Partner - Sevenoaks and Ashford

29th February 2016

Trade mark infringement – what to look out for

If you are a business owner and concerned that someone else is using your brand then you need to be aware of your rights and what courses of action are open to you.

A recent Court of Appeal decision highlights the impact of trademark infringement, with popular TV series, Glee, now facing the possibility of having to rename because an existing business owns a registered trade mark for a logo which contains the words, ‘the glee CLUB’.

Comic Enterprises Limited (CEL), who have been running various entertainment venues in the UK for the last 15 years, is the registered owner of two trade marks for logos containing the words ‘the glee CLUB’ which are used on various signage for its venues and in promotional material.

In 2009 the musical comedy TV series, Glee, was launched in the US and UK and has gone on to be a huge success. However, the director of CEL has argued that the presence of “glee” was damaging his business and compromising his brand.

In 2011 proceedings were issued against Twentieth Century Fox Film Corporation (the film studio responsible for the TV show) for trade mark infringement and passing off. The High Court decided that Fox’s activities amounted to trade mark infringement, and this was upheld by the Court of Appeal.

This case highlights the point that services offered under two similar trade marks do not need to be identical for there to be an infringement, particularly if the general public are confused into believing that the two are connected somehow.

Do you own a business?
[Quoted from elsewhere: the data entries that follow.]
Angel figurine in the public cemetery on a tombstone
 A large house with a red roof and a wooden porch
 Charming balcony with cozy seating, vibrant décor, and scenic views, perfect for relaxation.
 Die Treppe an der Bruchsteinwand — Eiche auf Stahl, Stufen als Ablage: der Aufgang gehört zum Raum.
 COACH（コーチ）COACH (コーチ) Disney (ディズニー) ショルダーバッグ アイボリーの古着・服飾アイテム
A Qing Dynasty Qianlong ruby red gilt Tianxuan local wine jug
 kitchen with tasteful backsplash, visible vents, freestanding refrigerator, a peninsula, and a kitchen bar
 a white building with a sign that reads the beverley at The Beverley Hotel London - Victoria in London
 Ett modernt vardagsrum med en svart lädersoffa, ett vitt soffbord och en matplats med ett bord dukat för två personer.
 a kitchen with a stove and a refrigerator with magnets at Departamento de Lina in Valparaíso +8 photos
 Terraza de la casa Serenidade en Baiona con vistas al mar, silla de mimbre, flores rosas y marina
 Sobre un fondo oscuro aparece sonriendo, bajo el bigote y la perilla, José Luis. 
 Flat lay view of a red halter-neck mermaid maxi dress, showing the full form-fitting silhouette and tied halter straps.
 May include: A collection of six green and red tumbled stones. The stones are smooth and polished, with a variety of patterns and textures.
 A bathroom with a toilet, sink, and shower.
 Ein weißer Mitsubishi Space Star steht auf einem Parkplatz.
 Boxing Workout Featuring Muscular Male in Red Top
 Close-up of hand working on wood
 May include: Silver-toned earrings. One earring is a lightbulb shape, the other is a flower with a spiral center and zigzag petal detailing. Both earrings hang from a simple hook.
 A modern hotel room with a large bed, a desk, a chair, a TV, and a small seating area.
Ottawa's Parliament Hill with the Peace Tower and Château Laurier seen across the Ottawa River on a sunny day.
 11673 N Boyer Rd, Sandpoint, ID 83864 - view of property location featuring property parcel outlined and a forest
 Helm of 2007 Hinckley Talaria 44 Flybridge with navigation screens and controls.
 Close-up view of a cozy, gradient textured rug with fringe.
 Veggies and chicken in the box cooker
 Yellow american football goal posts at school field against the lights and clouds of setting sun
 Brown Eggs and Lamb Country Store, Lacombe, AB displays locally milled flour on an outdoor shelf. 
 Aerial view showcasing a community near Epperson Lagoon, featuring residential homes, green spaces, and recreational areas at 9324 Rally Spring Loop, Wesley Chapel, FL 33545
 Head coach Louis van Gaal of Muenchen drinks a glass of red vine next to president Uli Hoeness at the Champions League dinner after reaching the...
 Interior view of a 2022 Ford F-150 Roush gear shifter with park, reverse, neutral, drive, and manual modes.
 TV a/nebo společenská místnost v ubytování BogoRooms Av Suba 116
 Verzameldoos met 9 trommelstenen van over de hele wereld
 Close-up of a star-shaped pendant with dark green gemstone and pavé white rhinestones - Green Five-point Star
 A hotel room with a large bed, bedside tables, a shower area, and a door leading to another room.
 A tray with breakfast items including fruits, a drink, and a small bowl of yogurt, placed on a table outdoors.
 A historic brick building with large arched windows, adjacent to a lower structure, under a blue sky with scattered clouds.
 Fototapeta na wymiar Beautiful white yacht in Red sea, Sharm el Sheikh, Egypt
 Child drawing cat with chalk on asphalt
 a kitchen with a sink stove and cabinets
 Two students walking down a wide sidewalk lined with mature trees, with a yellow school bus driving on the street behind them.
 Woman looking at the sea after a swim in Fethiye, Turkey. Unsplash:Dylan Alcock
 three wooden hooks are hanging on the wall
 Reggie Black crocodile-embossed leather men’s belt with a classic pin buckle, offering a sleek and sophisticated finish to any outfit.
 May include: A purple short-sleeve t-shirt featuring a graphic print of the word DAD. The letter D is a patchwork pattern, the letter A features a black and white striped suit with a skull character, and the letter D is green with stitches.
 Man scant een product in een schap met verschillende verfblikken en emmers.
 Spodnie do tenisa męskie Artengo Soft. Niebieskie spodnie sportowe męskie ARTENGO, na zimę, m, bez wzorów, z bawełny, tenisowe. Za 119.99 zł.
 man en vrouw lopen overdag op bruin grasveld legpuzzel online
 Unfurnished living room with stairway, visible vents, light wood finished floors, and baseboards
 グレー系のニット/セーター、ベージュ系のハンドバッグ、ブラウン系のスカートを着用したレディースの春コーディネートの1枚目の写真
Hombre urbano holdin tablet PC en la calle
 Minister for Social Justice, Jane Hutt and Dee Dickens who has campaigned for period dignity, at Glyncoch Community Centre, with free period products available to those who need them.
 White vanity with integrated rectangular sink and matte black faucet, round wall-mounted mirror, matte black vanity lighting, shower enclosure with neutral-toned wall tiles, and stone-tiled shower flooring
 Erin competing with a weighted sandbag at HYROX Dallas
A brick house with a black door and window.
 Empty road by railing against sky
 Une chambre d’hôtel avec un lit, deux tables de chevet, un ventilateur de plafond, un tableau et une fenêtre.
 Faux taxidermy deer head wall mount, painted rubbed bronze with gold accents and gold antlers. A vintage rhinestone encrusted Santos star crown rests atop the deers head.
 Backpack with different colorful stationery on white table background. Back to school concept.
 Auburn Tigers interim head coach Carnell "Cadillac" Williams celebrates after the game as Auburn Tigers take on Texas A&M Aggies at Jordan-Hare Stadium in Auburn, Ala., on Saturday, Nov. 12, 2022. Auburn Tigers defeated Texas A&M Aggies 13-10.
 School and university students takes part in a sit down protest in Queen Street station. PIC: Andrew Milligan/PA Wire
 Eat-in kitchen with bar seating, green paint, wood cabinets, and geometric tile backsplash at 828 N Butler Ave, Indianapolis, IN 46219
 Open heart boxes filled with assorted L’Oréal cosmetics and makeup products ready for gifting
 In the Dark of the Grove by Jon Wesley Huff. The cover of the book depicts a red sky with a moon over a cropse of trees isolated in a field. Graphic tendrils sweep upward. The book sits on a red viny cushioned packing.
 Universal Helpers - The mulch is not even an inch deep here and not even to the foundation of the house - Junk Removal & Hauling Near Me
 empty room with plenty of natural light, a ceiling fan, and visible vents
Keep the following in mind:

  1. If your brand is not registered as a trade mark then you should consider this carefully. You never know when a competing or similar brand may spring up.
  2. Don’t let trade mark infringement damage your business and its ability to trade effectively.
  3. Trade marks do not need to be identical for there to be infringement.
  4. Be aware of the potential impact on your operations if similar branding is used by other organisations, even if the organisation in question trades in something very different.
  5. If you think your customers may be confused by a similar trade mark or think the two are associated, then there may be a case of infringement.
  6. Start to gather evidence from your customer base to highlight any detrimental impact of a similar trade mark.
  7. In cases of infringement, it is possible to force others to stop using their name or trade marks.